[PROVIDED DATA Boundary: Start]

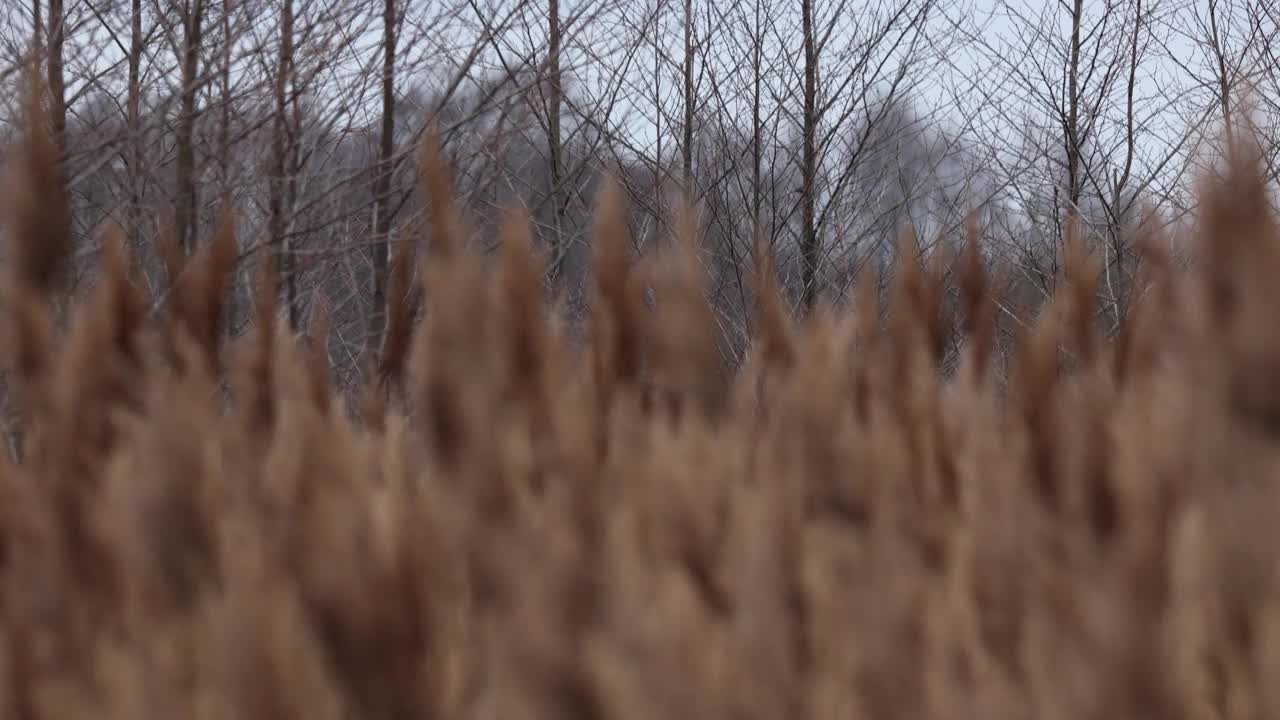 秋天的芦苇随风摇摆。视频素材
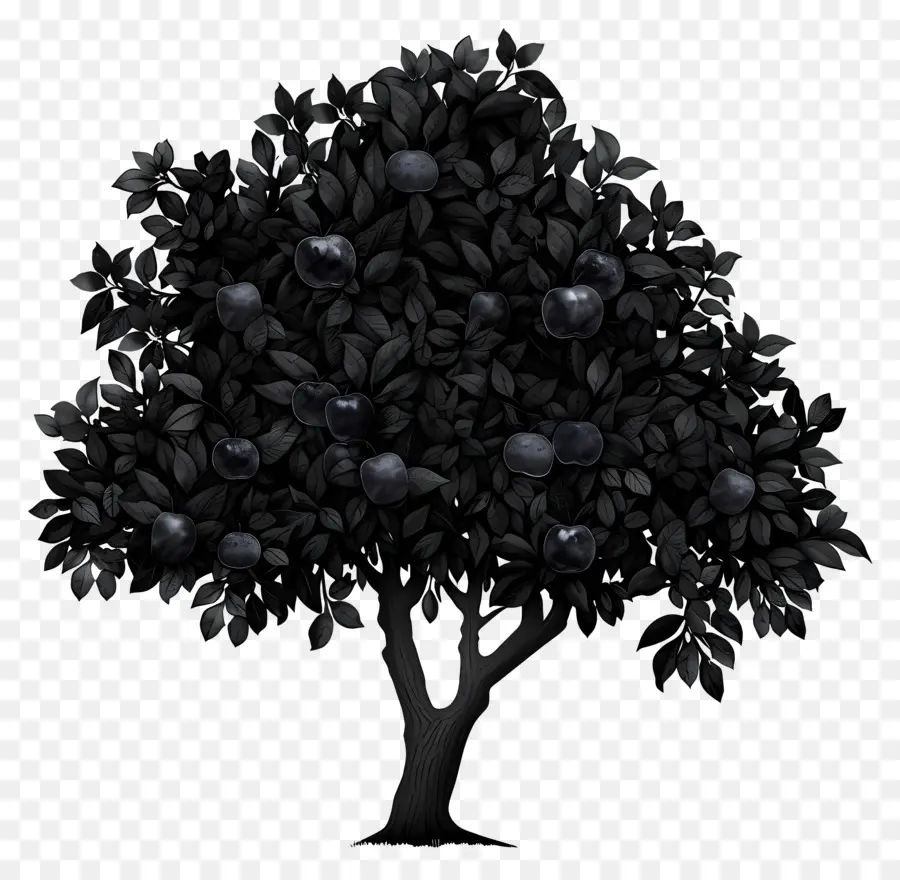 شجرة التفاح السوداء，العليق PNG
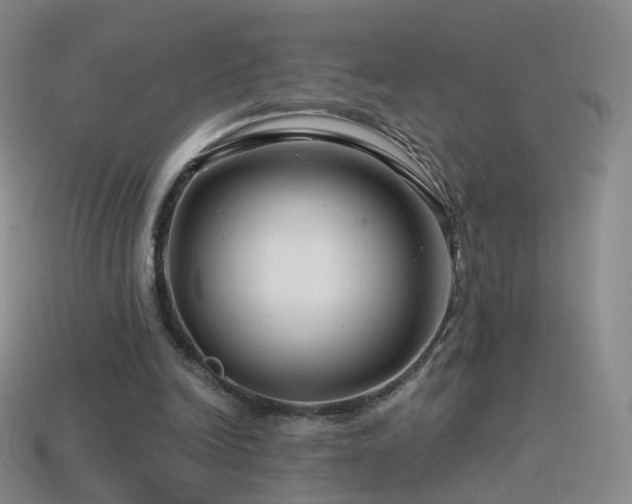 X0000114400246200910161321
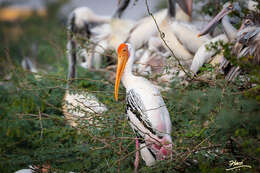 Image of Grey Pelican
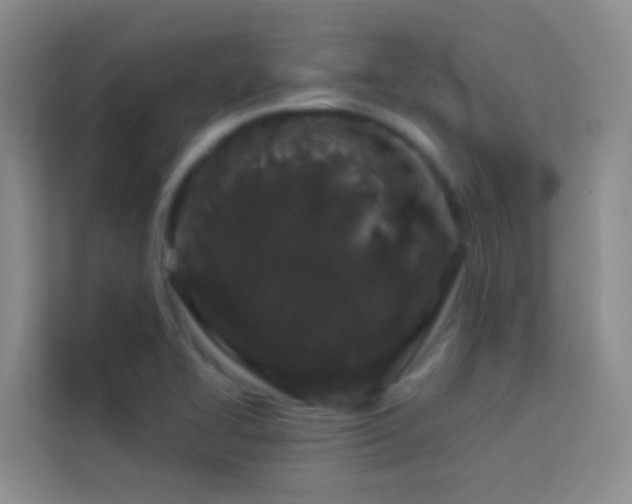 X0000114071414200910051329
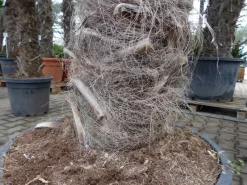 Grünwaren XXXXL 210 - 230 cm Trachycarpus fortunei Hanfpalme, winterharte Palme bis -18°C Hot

[PROVIDED DATA Boundary: End]

ABOUT THIS EXERCISE: Your copy must consist solely of the lines from the one containing "Image of Grey Pelican" through the final line of the material above, transcribed exactly, with the pictures left out.

OUTPUT FOR THIS EXERCISE:
 Image of Grey Pelican
 X0000114071414200910051329
 Grünwaren XXXXL 210 - 230 cm Trachycarpus fortunei Hanfpalme, winterharte Palme bis -18°C Hot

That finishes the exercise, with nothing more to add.